Which lines of the listing hold the string "White"? Show each of them.
---
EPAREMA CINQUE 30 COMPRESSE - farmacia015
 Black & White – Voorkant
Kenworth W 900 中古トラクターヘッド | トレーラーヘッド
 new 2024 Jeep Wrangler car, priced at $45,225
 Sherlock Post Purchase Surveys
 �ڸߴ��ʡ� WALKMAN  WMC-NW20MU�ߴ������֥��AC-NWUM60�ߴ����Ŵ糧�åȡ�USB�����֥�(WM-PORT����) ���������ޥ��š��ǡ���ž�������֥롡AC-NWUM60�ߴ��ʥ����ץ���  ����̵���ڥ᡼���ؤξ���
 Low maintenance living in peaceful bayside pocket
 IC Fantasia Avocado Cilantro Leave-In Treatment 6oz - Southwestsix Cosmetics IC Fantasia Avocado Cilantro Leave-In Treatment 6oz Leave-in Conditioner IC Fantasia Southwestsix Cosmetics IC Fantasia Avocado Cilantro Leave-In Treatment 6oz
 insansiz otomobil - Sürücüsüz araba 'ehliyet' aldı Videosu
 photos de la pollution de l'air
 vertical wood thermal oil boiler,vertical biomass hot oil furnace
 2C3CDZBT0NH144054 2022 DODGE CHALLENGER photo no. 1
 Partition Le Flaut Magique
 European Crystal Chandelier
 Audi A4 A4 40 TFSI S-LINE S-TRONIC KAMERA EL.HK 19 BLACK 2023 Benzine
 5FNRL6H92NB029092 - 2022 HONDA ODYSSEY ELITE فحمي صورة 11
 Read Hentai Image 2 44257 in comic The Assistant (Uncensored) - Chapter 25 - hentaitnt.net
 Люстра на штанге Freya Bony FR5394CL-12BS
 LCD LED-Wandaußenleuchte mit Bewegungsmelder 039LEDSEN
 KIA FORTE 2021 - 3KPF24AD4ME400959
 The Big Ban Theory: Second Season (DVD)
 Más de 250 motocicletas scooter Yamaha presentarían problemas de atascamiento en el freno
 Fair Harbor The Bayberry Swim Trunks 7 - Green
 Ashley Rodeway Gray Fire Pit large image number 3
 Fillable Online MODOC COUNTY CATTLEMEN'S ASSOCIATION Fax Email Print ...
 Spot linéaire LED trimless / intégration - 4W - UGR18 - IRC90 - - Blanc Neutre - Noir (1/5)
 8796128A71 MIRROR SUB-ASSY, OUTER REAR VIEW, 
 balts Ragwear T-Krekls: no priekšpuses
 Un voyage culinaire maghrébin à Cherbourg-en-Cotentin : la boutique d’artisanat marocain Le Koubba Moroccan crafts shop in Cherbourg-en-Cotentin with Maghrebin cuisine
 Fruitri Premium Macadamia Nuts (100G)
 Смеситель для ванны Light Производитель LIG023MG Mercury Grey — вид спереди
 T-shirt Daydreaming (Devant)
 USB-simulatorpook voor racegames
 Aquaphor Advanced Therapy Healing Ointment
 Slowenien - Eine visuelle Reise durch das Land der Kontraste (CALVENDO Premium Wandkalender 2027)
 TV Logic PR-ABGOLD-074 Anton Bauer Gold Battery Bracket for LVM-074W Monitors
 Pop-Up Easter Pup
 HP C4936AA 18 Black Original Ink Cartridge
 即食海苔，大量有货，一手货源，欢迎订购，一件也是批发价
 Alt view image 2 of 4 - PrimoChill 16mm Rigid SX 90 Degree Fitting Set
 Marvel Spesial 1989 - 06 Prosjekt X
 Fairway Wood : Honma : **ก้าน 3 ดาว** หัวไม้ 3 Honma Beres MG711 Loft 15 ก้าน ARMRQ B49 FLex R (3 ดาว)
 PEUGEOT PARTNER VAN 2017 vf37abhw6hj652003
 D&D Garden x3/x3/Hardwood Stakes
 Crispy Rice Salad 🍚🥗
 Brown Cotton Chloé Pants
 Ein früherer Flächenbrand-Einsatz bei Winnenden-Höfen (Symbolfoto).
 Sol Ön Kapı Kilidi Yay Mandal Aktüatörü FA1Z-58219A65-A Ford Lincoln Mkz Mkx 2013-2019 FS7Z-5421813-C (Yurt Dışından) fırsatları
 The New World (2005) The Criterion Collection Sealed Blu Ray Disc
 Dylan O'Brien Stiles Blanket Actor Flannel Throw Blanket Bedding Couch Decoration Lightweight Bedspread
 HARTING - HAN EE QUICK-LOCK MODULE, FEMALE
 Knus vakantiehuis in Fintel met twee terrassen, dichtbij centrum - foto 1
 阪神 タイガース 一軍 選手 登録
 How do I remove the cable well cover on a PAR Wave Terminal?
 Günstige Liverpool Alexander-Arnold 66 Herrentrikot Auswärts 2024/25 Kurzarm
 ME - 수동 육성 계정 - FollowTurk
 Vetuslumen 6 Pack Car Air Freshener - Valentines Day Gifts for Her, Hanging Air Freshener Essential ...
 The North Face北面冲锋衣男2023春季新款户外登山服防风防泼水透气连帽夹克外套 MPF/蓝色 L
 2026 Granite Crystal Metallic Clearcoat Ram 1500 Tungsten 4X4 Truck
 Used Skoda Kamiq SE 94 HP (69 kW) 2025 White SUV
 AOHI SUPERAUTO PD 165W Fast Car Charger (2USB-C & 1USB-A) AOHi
---
Exercise answer
 Black & White – Voorkant
 Used Skoda Kamiq SE 94 HP (69 kW) 2025 White SUV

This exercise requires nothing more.